C’est un peu comme le Petit Poucet. On sème les
preuves comme des cailloux. Chacune d’elle, séparément, ne mène pas à la
solution, mais mène à un prochain caillou. C’est la chaîne qui amènera la clé.
- Les indices doivent être révélés à un certain rythme. Pas trop vite, pour ne pas trop en montrer. Pas trop lentement, pour ne pas ennuyer le lecteur.
- Il n’est pas nécessaire que la preuve soit évidente et saute aux yeux du lecteur. Elle peut être cachée parmi de nombreux faits, parfois inutiles, ou même être déguisée. Elle peut être très subtile.

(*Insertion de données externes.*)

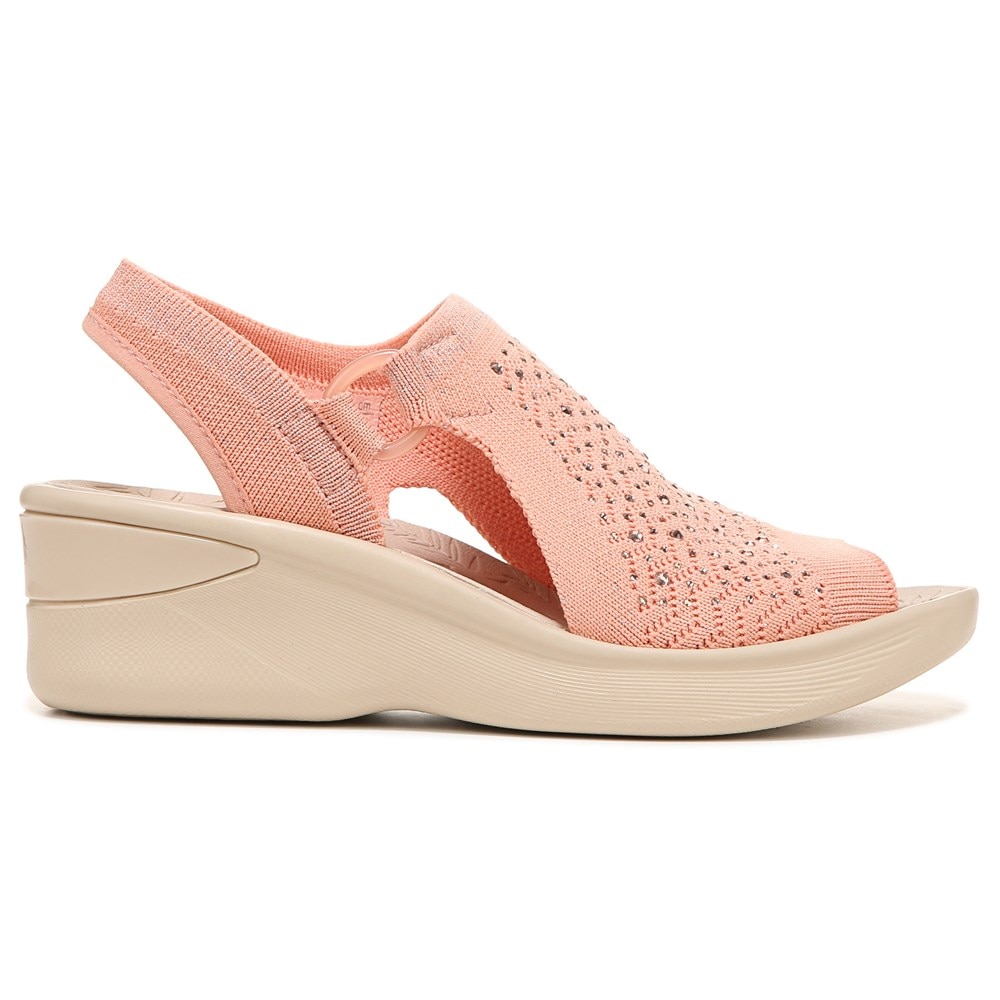 Bzees Star Bright Sandal - Peach Rhinestone Knit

- Parfois, le lecteur peut savoir qu’il a un indice devant lui, mais sans savoir quoi faire avec.
- Les indices peuvent aussi apporter leur lot de nouvelles questions à résoudre.
- Les types d’indices et de preuves
- Scientifiques (cheveux, empreintes digitales, chair sous les ongles de la victime, fiche dentaire, rapports balistiques, profil de tueur, etc.)

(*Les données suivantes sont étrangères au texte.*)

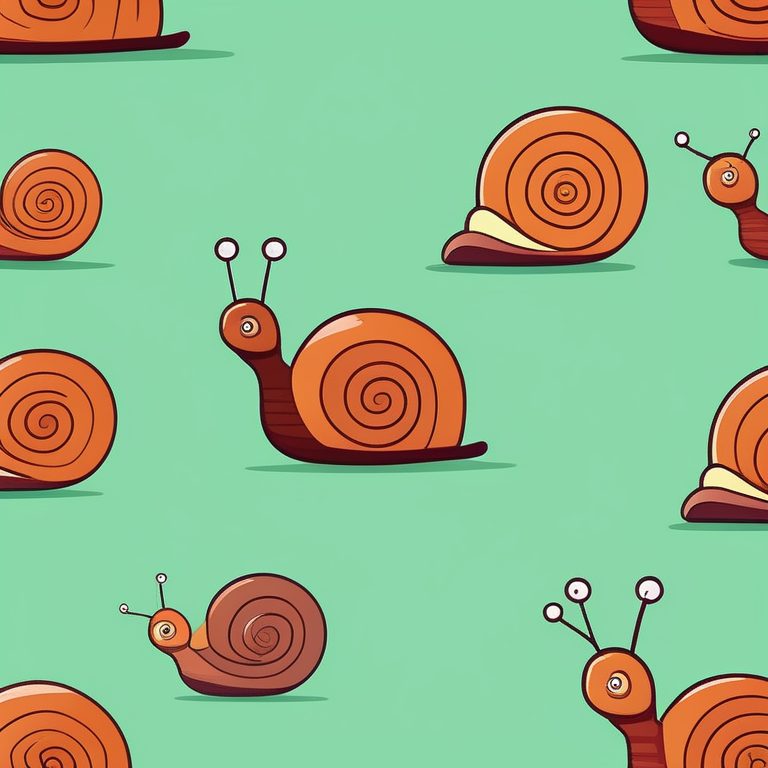 极简创意一只蜗牛平面插画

- Circonstancielles (il rôdait autour des lieux du crime)
- Indices « administratifs », papiers suspects, rapports louches
- Témoignages sur les proches ou ennemis potentiels de la victime
- Toutes sortes de faits divers se rapportant au passé de la victime
Un conseil : construisez votre intrigue à l’envers. Construisez d’abord le crime ainsi que le motif. Ensuite, pensez aux
indices, preuves, etc. que le crime pourrait laisser derrière et qui pourraient
mener le personnage sur la piste. Les indices doivent être pensés en fonction
du crime et non l’inverse.
Confondre le lecteur
Une chose amusante à faire, dans un roman à suspense,
c’est mélanger le lecteur. Comment?
- Créer des fausses pistes, des faux suspects, qui amènent le lecteur dans la mauvaise direction, ce sont souvent de bons moyens de conserver le suspense.

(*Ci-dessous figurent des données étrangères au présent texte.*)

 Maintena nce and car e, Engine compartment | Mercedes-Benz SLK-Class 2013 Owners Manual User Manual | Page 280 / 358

L’idéal, c’est que le lecteur ne sache plus où il en est. Qui sont les vrais coupables? Quels sont les vrais indices des faux? Comment
départager la bonne de la mauvaise information? Que le lecteur se pose des
questions.
- Parfois, saturer le lecteur de faits a le même effet que de ne pas lui en donner assez. Il n’arrive pas à trouver la vérité.
Manipuler le lecteur, le mener en barque, c’est souvent un bon moyen de le confondre. Il faut rendre la tâche difficile au lecteur, évitez qu’il découvre la vérité avant la fin. Par contre, il faut lui donner une chance. Si le lecteur sent qu’il n’a jamais eu la possibilité de trouver la clé, ça risque d’être frustrant.
Les péripéties
Comment le personnage va-t-il résoudre l’énigme de l’histoire? Quel genre d’obstacles rencontrera-t-il?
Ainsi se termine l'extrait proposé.